> _Instructions for the task_
In your copy, include every line of the records exactly and no picture at all.

Records provided Start Marker

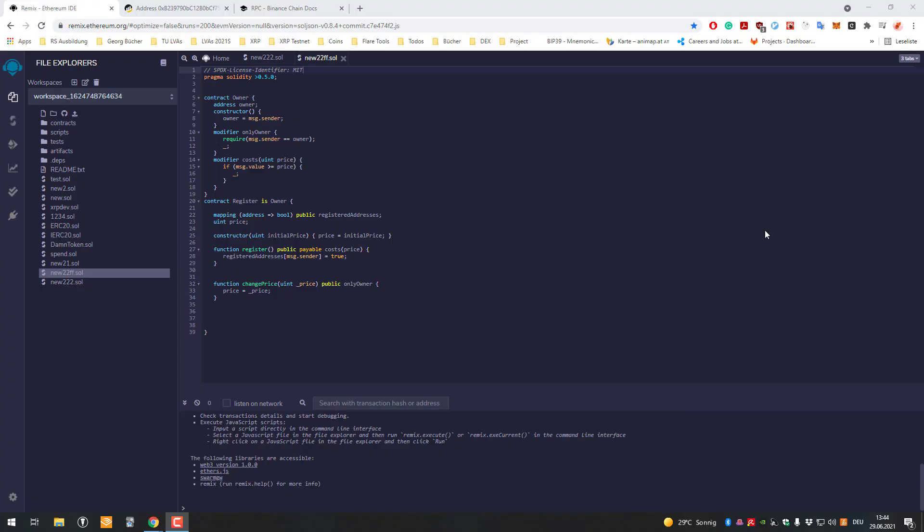Hello, I already created a video on how to deploy smart contracts to the Flay network and the ETH network. We'll do the same now with the Binance Smart Chain. First, we have to add the Binance Smart Chain testnet.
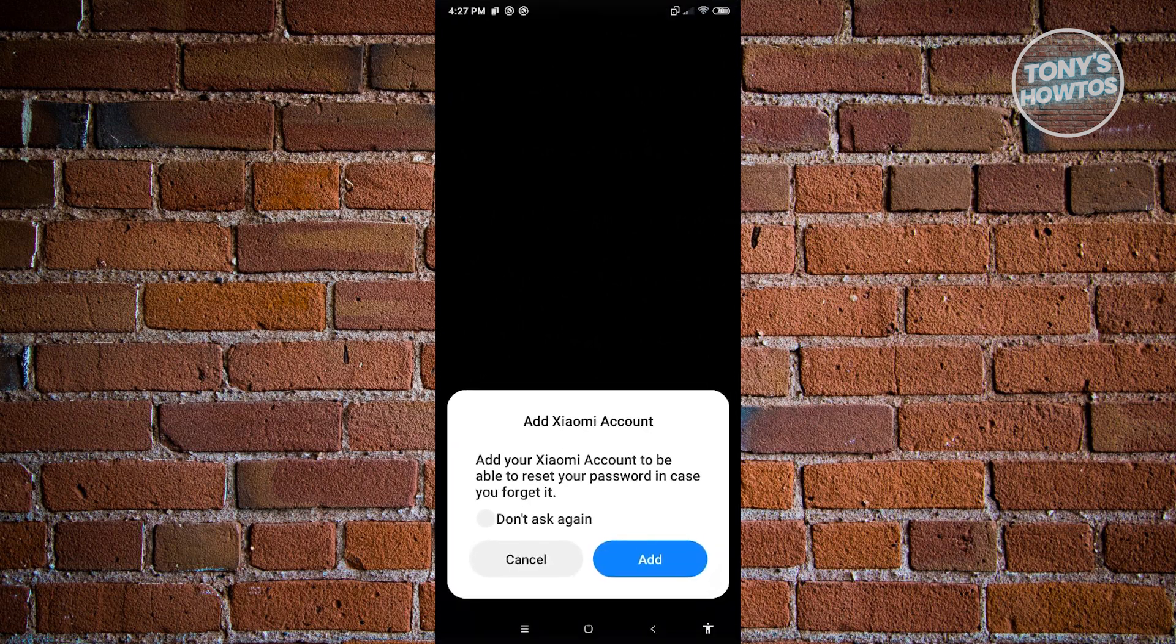And from here, it's going to say add account to be able to reset your password in case you forget it. But for now, I don't want to do this. I'm just going to hit cancel.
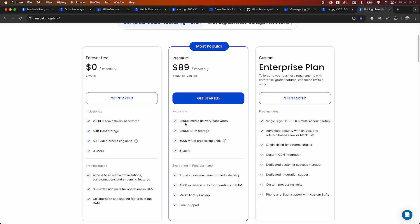The other major difference is that ImageKit does not charge for the number of requests or the number of transformations. And even in storage, we only charge for the storage which you explicitly upload to the media library. So if you're generating image transformations or video transformations and those thumbnails are actually generating some storage, we do not charge for that. We only charge for something that is explicitly uploaded to the media library.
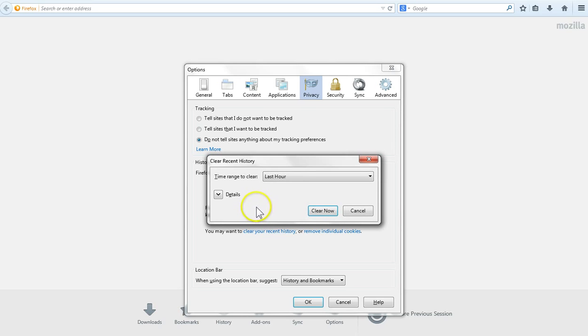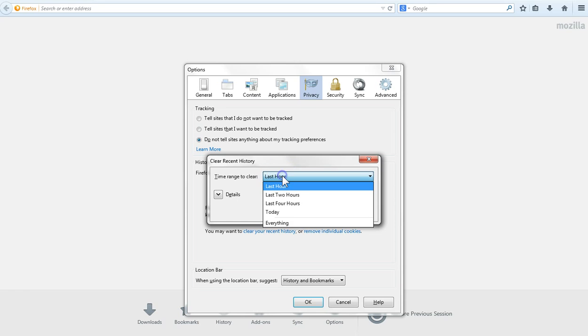This opens the clear recent history window and first we want to select the appropriate time range. So we click here, we want to choose everything.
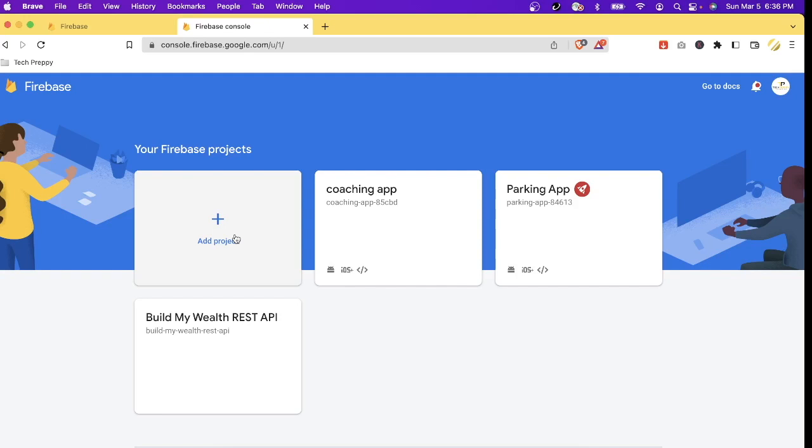Speaking of free quota, you have 2 million function calls per month for free. So once you exceed that quota, then that's the only time that you will be charged here in Firebase Functions. So 2 million is a lot, especially if you're going to use this Firebase to create your very first function.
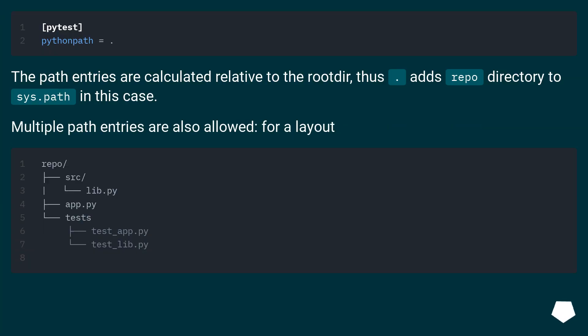The path entries are calculated relative to the rootdir. Thus, dot adds repo directory to sys.path in this case. Multiple path entries are also allowed for a layout.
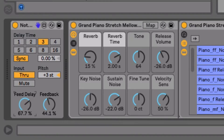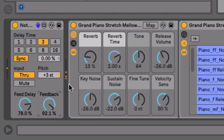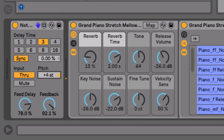And if I turn up the volume and the feedback, I can create some interesting patterns — and so on. You could assign this to a MIDI controller and play around with it to create some interesting textures.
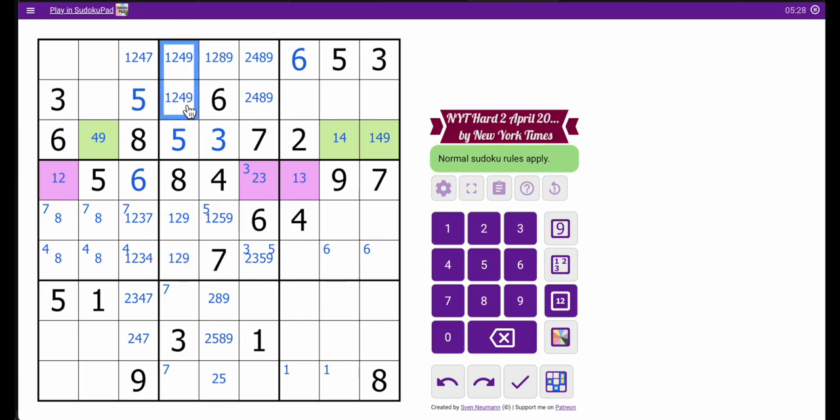Two-thirds of 1, 2, 9. This is 1, 2, 4, 9. You wonder if that's a quad. 3, 5, 8.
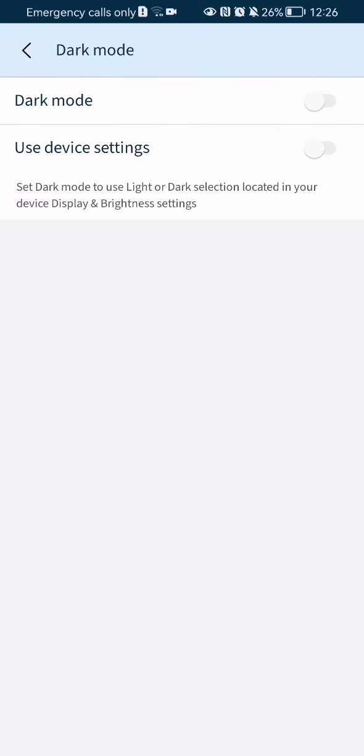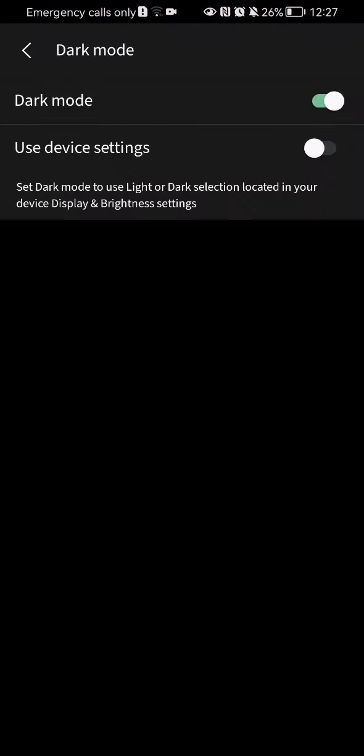And you can see here that you can activate the dark mode, the first option, and if you press on it, you can see that the dark mode was activated.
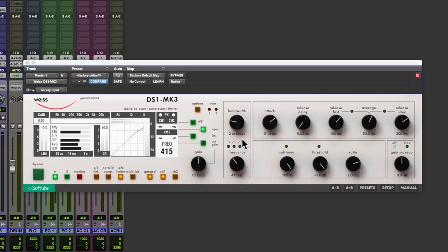Welcome to Production Expert, my name's Dan Cooper. In this video we're going to be testing Softtube's latest plugin, the Weiss DS1 Mark III.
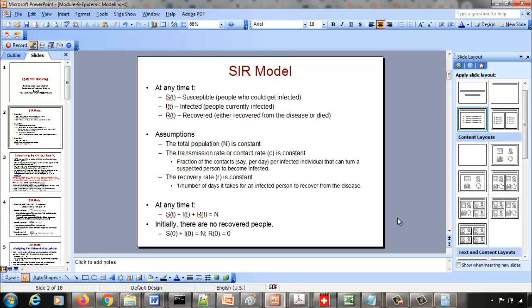At any time T, S(T) is the number of susceptible people who could get infected, I(T) is the number of people who are currently infected, and R(T) is the number of people who recovered from the infection — either recovered and alive, or no longer existing.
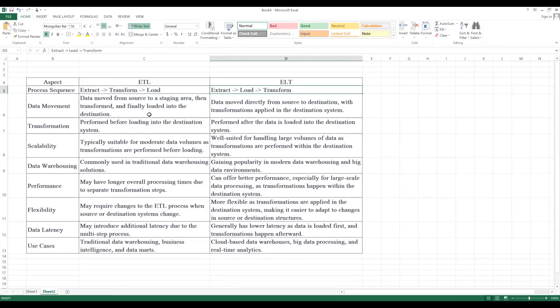When it comes to ELT, first extraction happens, then immediately you load into the target system without doing any transformation. Once you load the data into the destination, then on top of it you transform the data according to customer requirements. In ETL, data moves from source to staging area, then transforms, and finally loads into the destination.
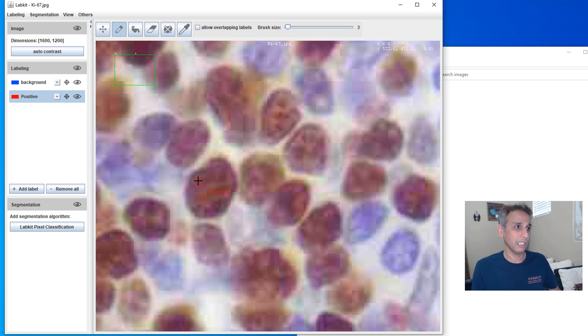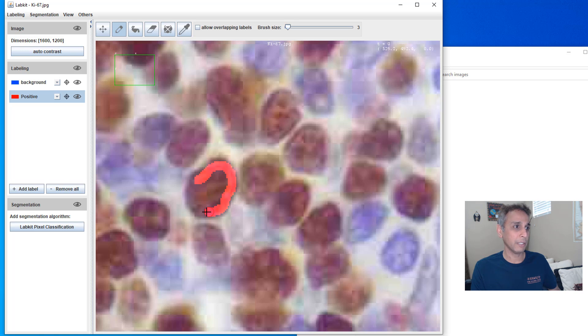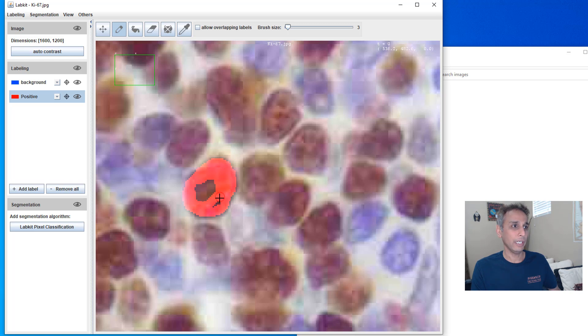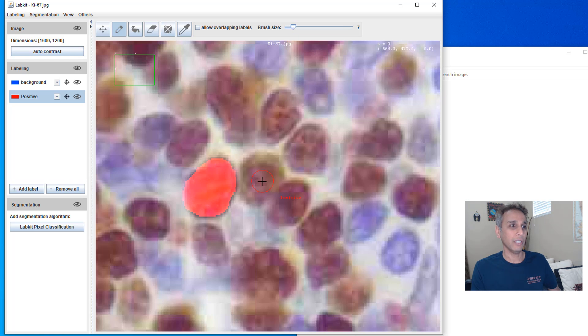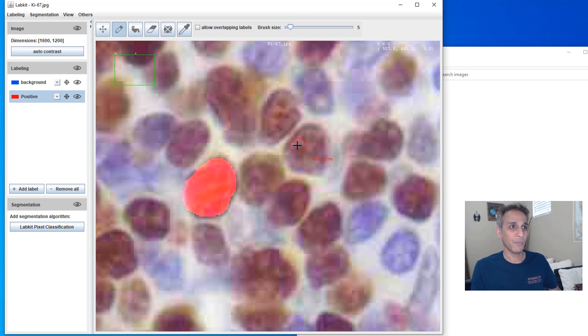So let's go ahead and start by annotating a few of these. Let me zoom in and this is the pen draw button right there and let's leave the brush size to, I don't know, three right there and go ahead and paint the pixels.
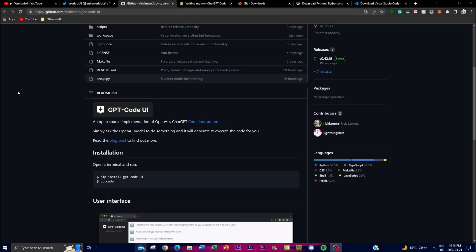Welcome back to another YouTube video. In today's video we're going to be showcasing a new project called 'Writing My Own ChatGPT Code Interpreter,' created by Rick, who is the main contributor. This is an open-source project that aims to create an implementation of OpenAI's ChatGPT Code Interpreter, which OpenAI is currently working on and has not yet released.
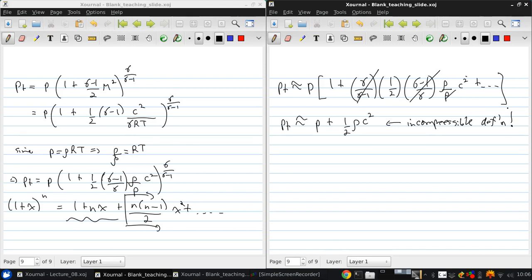So, this is ultimately where Pt equals P plus 1 half rho V squared being conserved comes from. It's a simplification of the full compressible form. So, one final note on this is that all of these definitions assume a steady process to bring the fluid to rest.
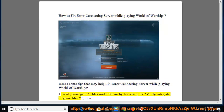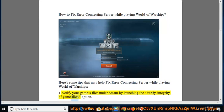Solution 1: Verify your game's files under Steam by launching the verify integrity of game files option.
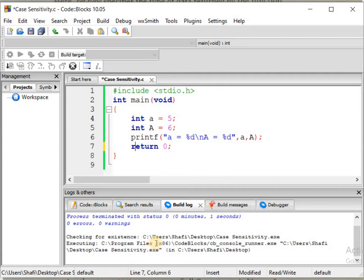I have constructed a small program, and in this program I have declared two variables.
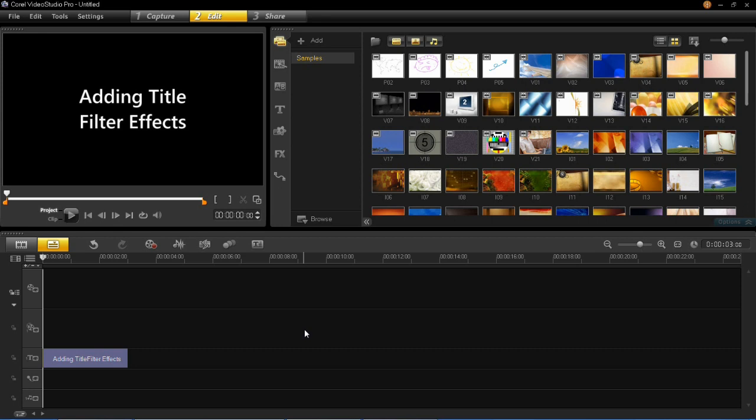Hello, so this video was requested by another YouTuber and he or she wanted to know how to add title filter effects in VideoStudio Pro X6.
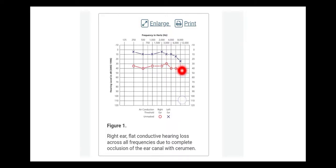In this ear there is a flat conductive hearing loss across all frequencies, and this is due to a complete occlusion of the ear canal. This could be because of a foreign body or cerumen - a complete mechanical blockage of the outer canal resulting in a flat conductive hearing loss.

Records provided End Marker

> _Final answer_
Hello, I already created a video on how to deploy smart contracts to the Flay network and the ETH network. We'll do the same now with the Binance Smart Chain. First, we have to add the Binance Smart Chain testnet.
And from here, it's going to say add account to be able to reset your password in case you forget it. But for now, I don't want to do this. I'm just going to hit cancel.
The other major difference is that ImageKit does not charge for the number of requests or the number of transformations. And even in storage, we only charge for the storage which you explicitly upload to the media library. So if you're generating image transformations or video transformations and those thumbnails are actually generating some storage, we do not charge for that. We only charge for something that is explicitly uploaded to the media library.
This opens the clear recent history window and first we want to select the appropriate time range. So we click here, we want to choose everything.
Speaking of free quota, you have 2 million function calls per month for free. So once you exceed that quota, then that's the only time that you will be charged here in Firebase Functions. So 2 million is a lot, especially if you're going to use this Firebase to create your very first function.
The path entries are calculated relative to the rootdir. Thus, dot adds repo directory to sys.path in this case. Multiple path entries are also allowed for a layout.
And if I turn up the volume and the feedback, I can create some interesting patterns — and so on. You could assign this to a MIDI controller and play around with it to create some interesting textures.
Two-thirds of 1, 2, 9. This is 1, 2, 4, 9. You wonder if that's a quad. 3, 5, 8.
And you can see here that you can activate the dark mode, the first option, and if you press on it, you can see that the dark mode was activated.
Welcome to Production Expert, my name's Dan Cooper. In this video we're going to be testing Softtube's latest plugin, the Weiss DS1 Mark III.
At any time T, S(T) is the number of susceptible people who could get infected, I(T) is the number of people who are currently infected, and R(T) is the number of people who recovered from the infection — either recovered and alive, or no longer existing.
When it comes to ELT, first extraction happens, then immediately you load into the target system without doing any transformation. Once you load the data into the destination, then on top of it you transform the data according to customer requirements. In ETL, data moves from source to staging area, then transforms, and finally loads into the destination.
So let's go ahead and start by annotating a few of these. Let me zoom in and this is the pen draw button right there and let's leave the brush size to, I don't know, three right there and go ahead and paint the pixels.
Welcome back to another YouTube video. In today's video we're going to be showcasing a new project called 'Writing My Own ChatGPT Code Interpreter,' created by Rick, who is the main contributor. This is an open-source project that aims to create an implementation of OpenAI's ChatGPT Code Interpreter, which OpenAI is currently working on and has not yet released.
So, this is ultimately where Pt equals P plus 1 half rho V squared being conserved comes from. It's a simplification of the full compressible form. So, one final note on this is that all of these definitions assume a steady process to bring the fluid to rest.
Solution 1: Verify your game's files under Steam by launching the verify integrity of game files option.
I have constructed a small program, and in this program I have declared two variables.
Hello, so this video was requested by another YouTuber and he or she wanted to know how to add title filter effects in VideoStudio Pro X6.
In this ear there is a flat conductive hearing loss across all frequencies, and this is due to a complete occlusion of the ear canal. This could be because of a foreign body or cerumen - a complete mechanical blockage of the outer canal resulting in a flat conductive hearing loss.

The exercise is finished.